* **Exercise requirements**:
Begin at the line containing "Screengrab from the" in the records below, end at the line containing "a black wall", and retype each line in that span exactly. No other line and no image should appear.

[Scraped caption text data]
______________________________

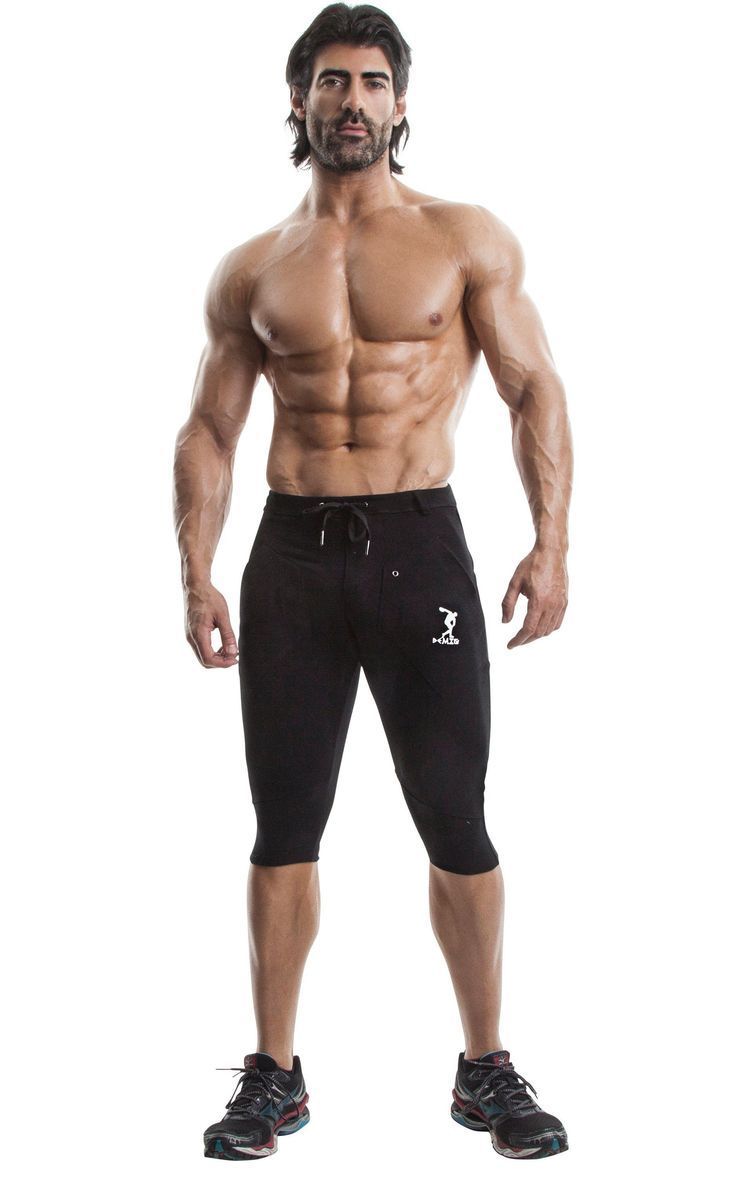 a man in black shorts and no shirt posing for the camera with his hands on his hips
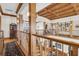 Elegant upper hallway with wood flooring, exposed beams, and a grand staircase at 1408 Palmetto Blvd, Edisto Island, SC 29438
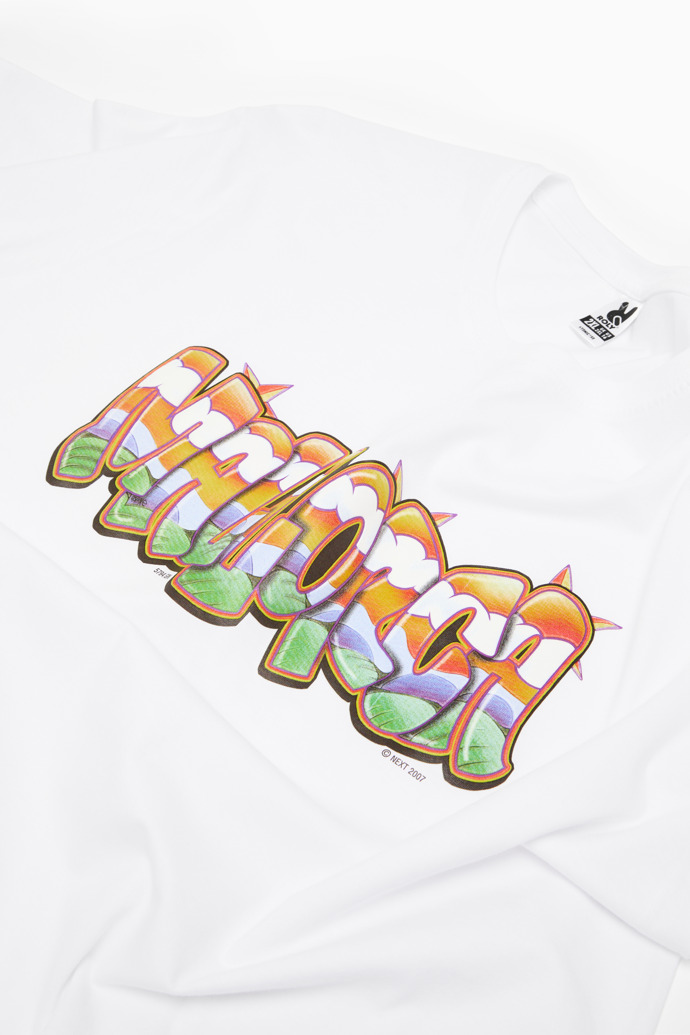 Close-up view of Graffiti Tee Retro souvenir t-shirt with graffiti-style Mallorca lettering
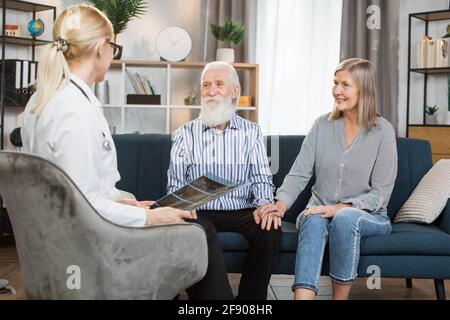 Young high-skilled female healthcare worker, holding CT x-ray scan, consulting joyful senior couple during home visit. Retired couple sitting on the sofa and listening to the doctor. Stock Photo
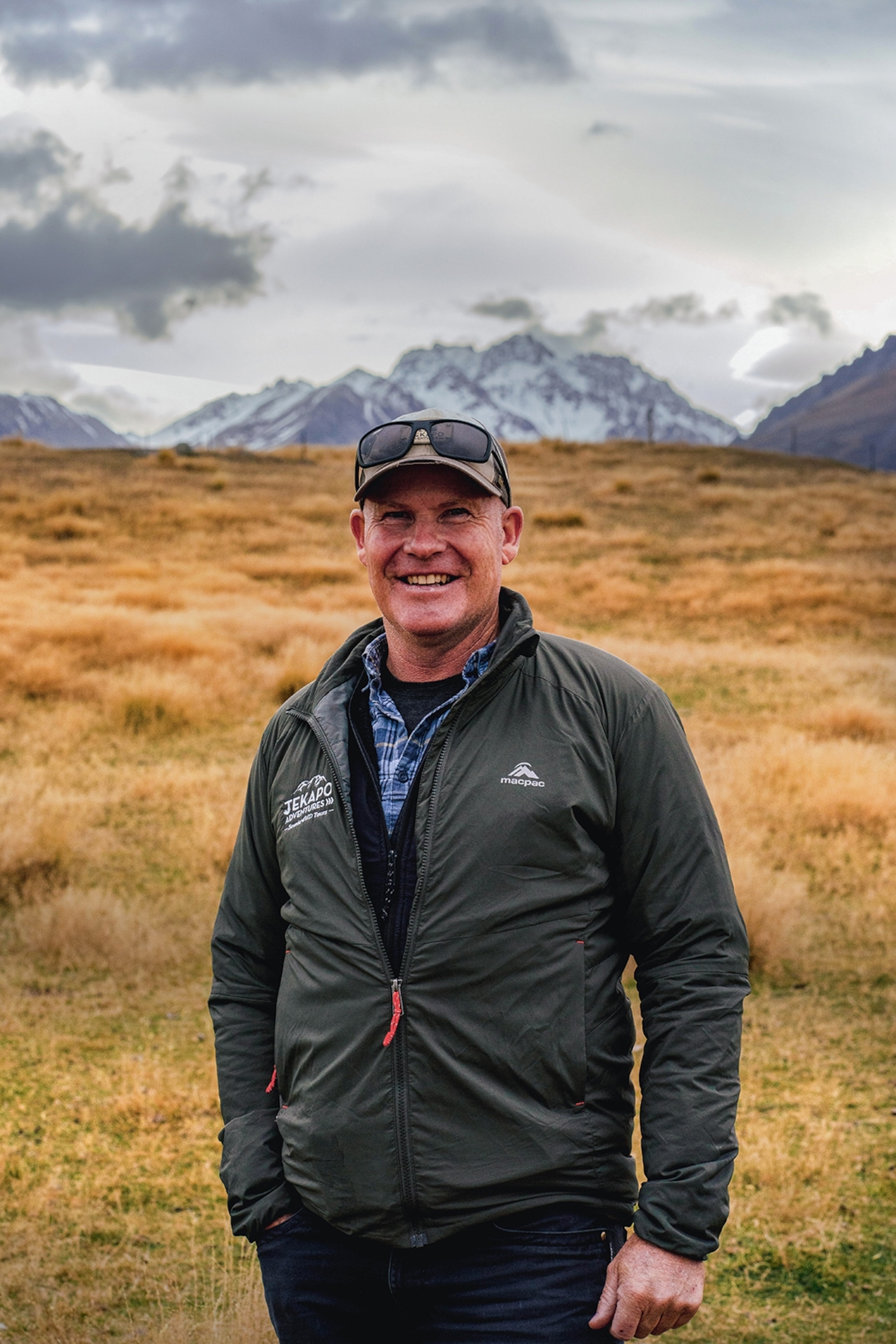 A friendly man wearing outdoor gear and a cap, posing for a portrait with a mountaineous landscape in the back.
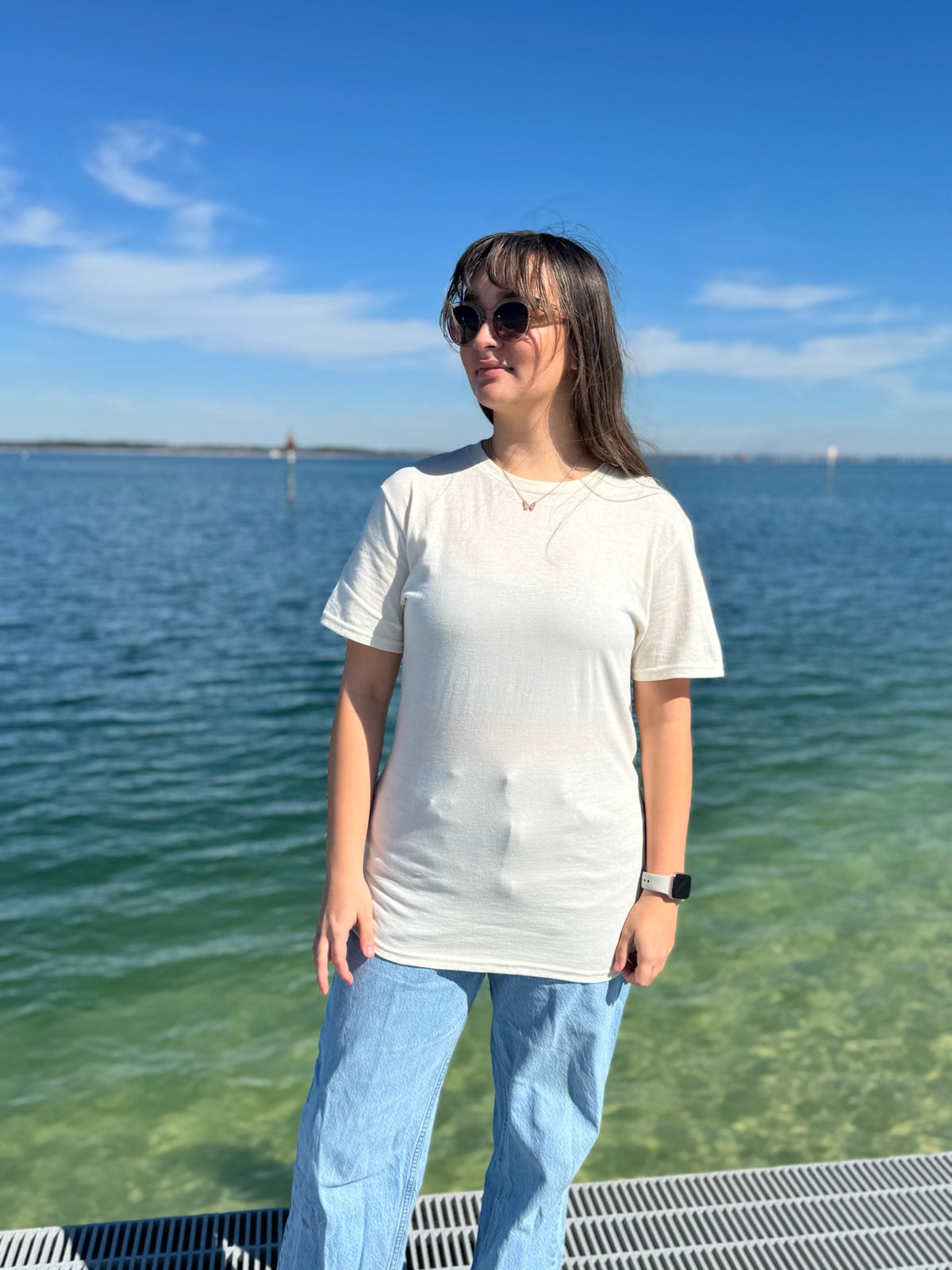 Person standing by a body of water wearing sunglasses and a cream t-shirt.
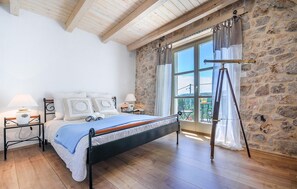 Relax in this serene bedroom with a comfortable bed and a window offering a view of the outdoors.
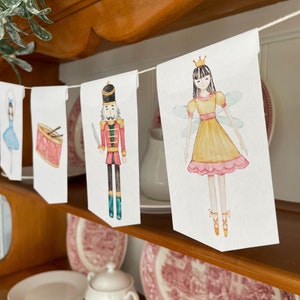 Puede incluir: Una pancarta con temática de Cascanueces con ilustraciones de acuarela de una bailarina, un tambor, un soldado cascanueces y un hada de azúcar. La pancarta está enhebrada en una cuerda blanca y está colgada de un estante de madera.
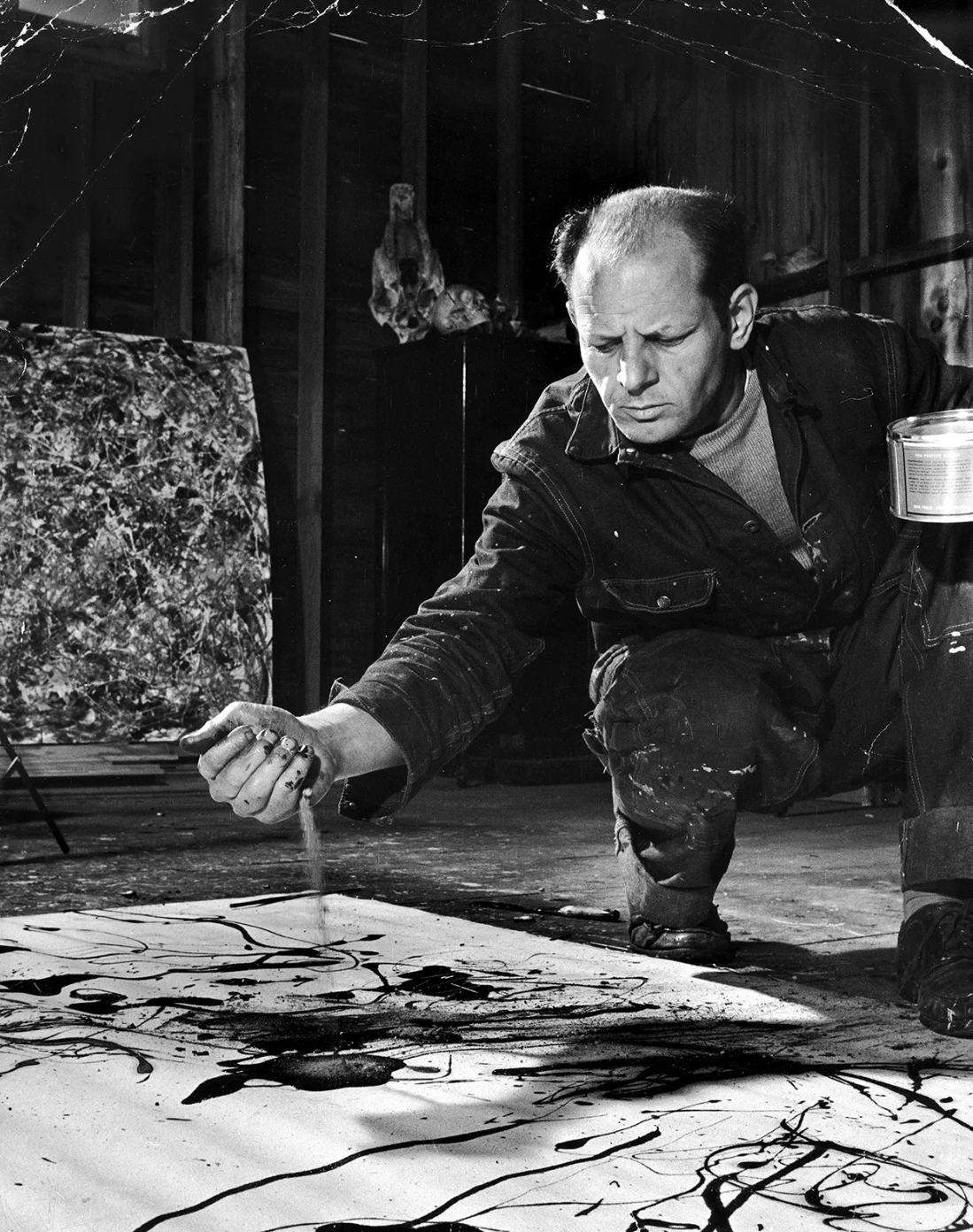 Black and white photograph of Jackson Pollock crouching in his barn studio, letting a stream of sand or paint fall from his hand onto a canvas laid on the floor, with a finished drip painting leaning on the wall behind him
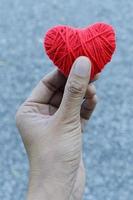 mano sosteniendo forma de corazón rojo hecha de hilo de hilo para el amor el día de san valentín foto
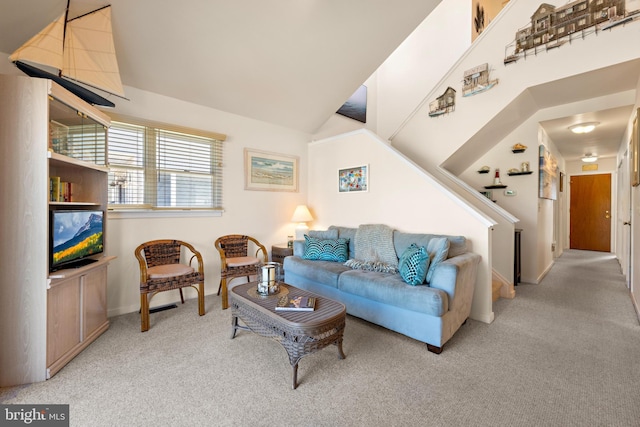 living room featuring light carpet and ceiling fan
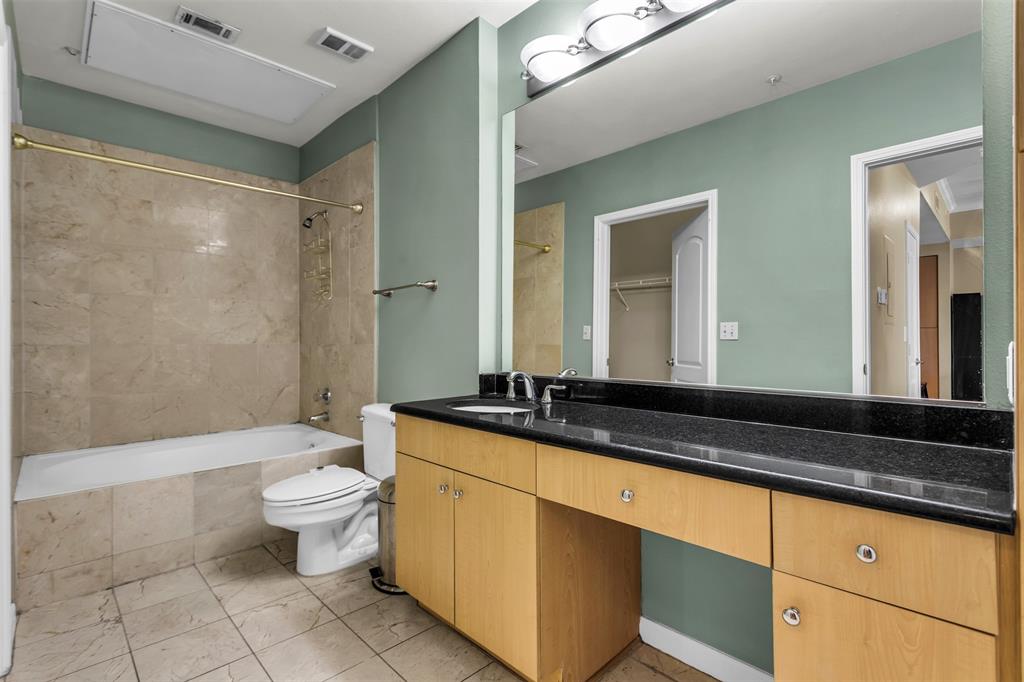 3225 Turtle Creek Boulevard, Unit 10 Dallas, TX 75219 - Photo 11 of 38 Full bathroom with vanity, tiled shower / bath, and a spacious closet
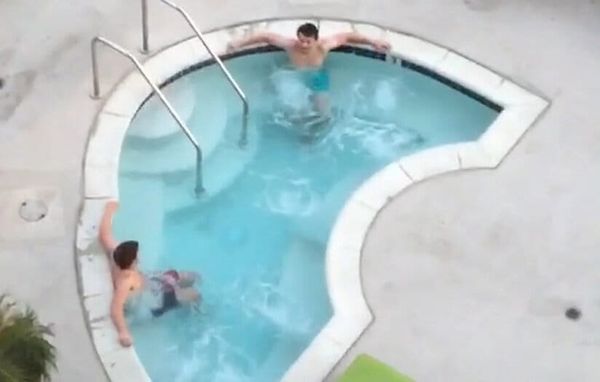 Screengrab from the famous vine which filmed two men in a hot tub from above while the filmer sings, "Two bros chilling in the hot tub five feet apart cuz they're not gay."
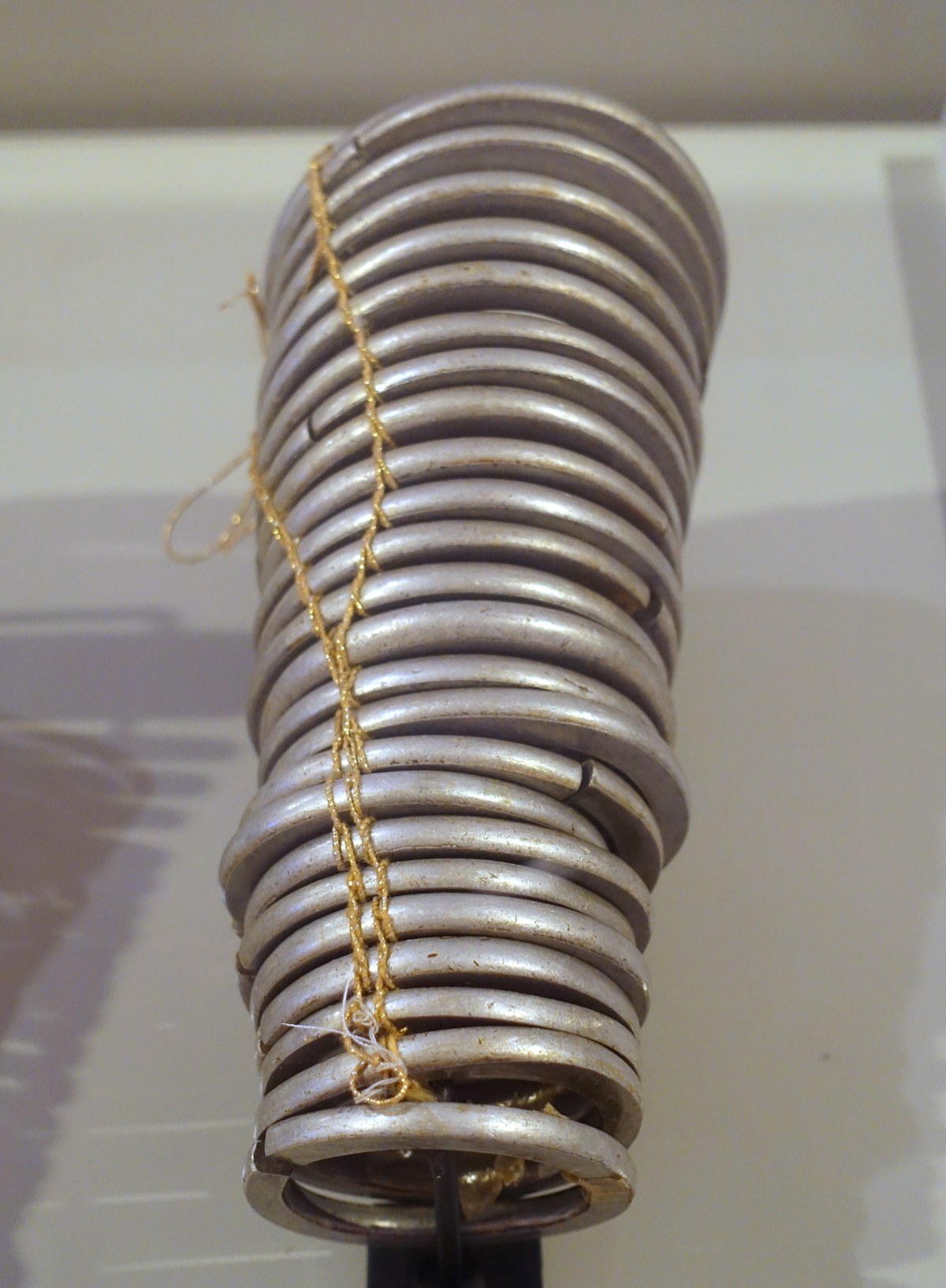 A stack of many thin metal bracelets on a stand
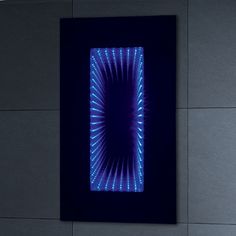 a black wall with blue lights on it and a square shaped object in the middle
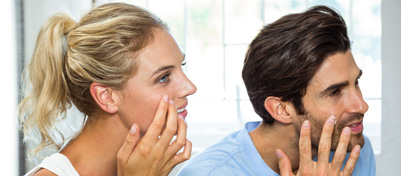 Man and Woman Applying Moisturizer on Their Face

______________________________

* **Answer box**:
 Screengrab from the famous vine which filmed two men in a hot tub from above while the filmer sings, "Two bros chilling in the hot tub five feet apart cuz they're not gay."
 A stack of many thin metal bracelets on a stand
 a black wall with blue lights on it and a square shaped object in the middle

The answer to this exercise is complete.